WHAT THIS TASK INVOLVES: Using the material that follows, output exactly the lines from the one containing "image American Bulldogs" through the one containing "为高大的番茄植株提供支撑视频素材", with both ends kept.
....................
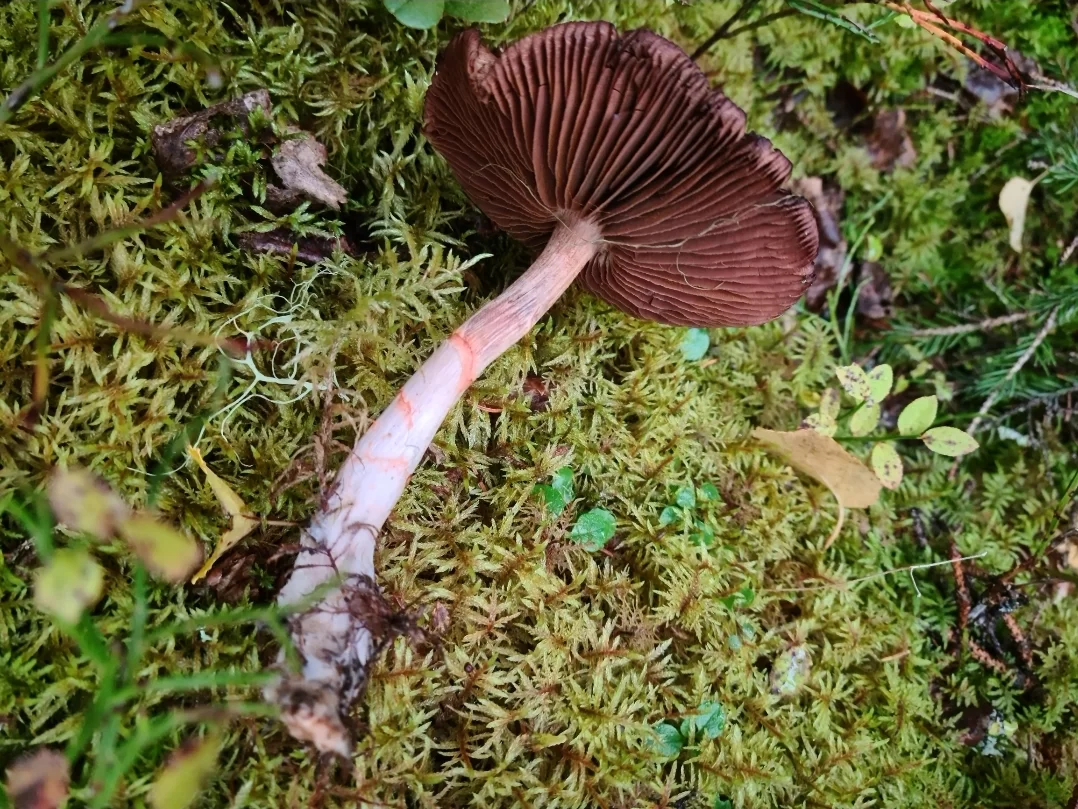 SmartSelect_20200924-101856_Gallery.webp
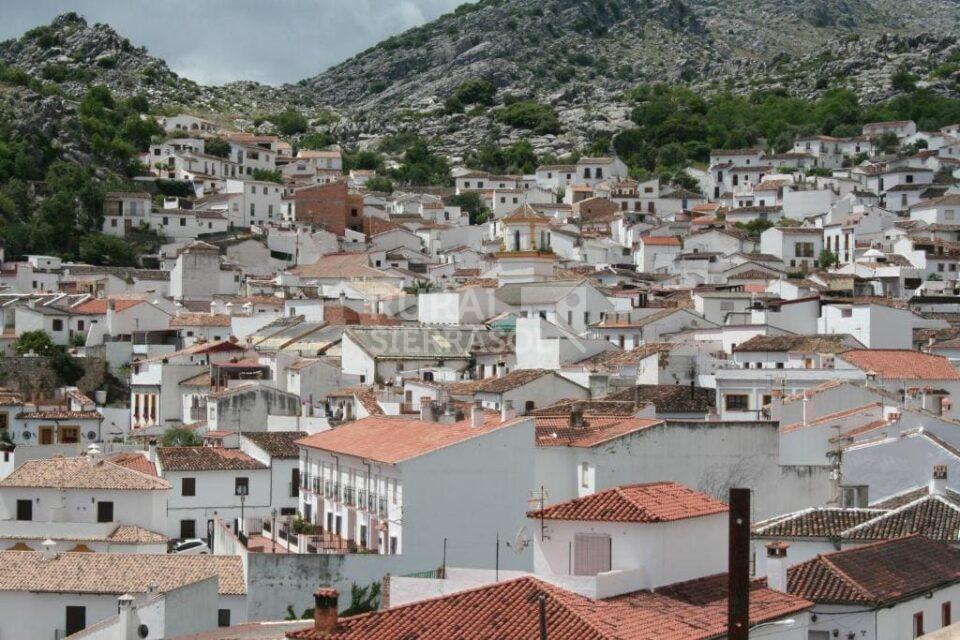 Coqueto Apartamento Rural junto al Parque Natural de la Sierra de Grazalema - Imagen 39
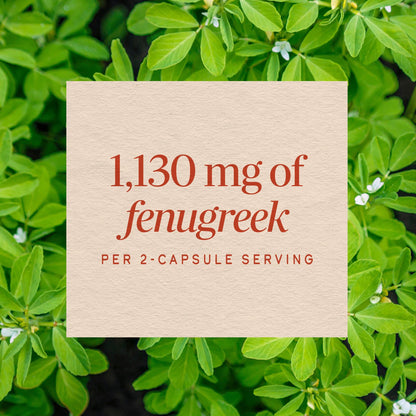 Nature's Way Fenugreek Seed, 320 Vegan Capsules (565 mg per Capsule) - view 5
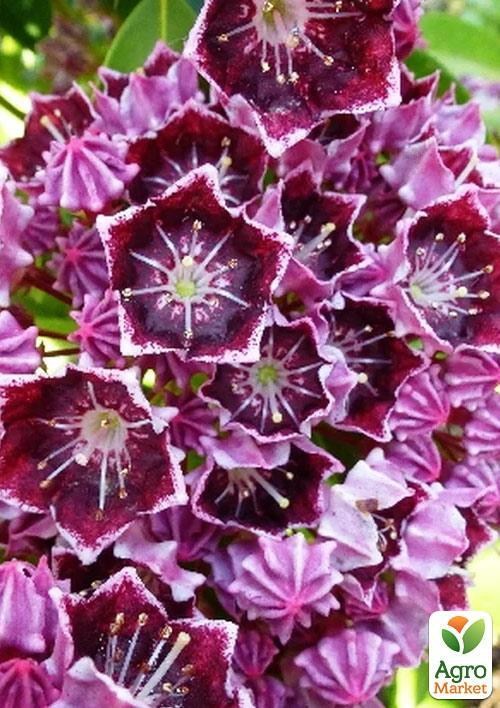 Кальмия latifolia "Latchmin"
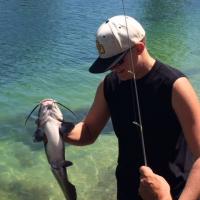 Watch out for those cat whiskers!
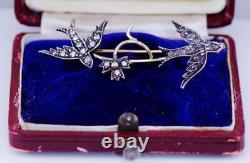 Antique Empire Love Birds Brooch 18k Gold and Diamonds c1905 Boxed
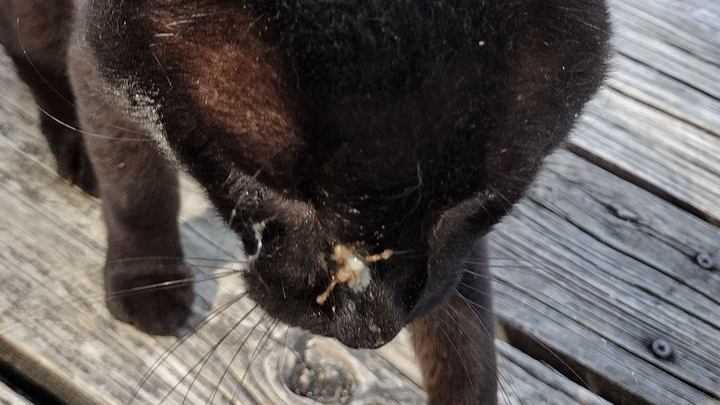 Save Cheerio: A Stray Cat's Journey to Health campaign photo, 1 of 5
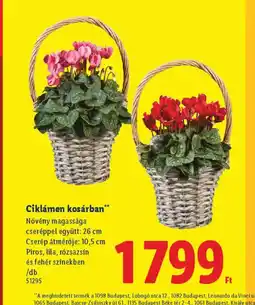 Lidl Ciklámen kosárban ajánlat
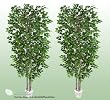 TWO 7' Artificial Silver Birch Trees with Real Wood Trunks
....................
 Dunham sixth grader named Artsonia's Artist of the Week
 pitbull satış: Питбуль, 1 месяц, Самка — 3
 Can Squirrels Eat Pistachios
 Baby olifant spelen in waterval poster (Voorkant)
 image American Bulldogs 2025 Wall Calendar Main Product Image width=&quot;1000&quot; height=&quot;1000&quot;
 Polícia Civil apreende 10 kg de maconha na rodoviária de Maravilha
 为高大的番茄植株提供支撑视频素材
....................
SOLUTION BELOW:
 image American Bulldogs 2025 Wall Calendar Main Product Image width=&quot;1000&quot; height=&quot;1000&quot;
 Polícia Civil apreende 10 kg de maconha na rodoviária de Maravilha
 为高大的番茄植株提供支撑视频素材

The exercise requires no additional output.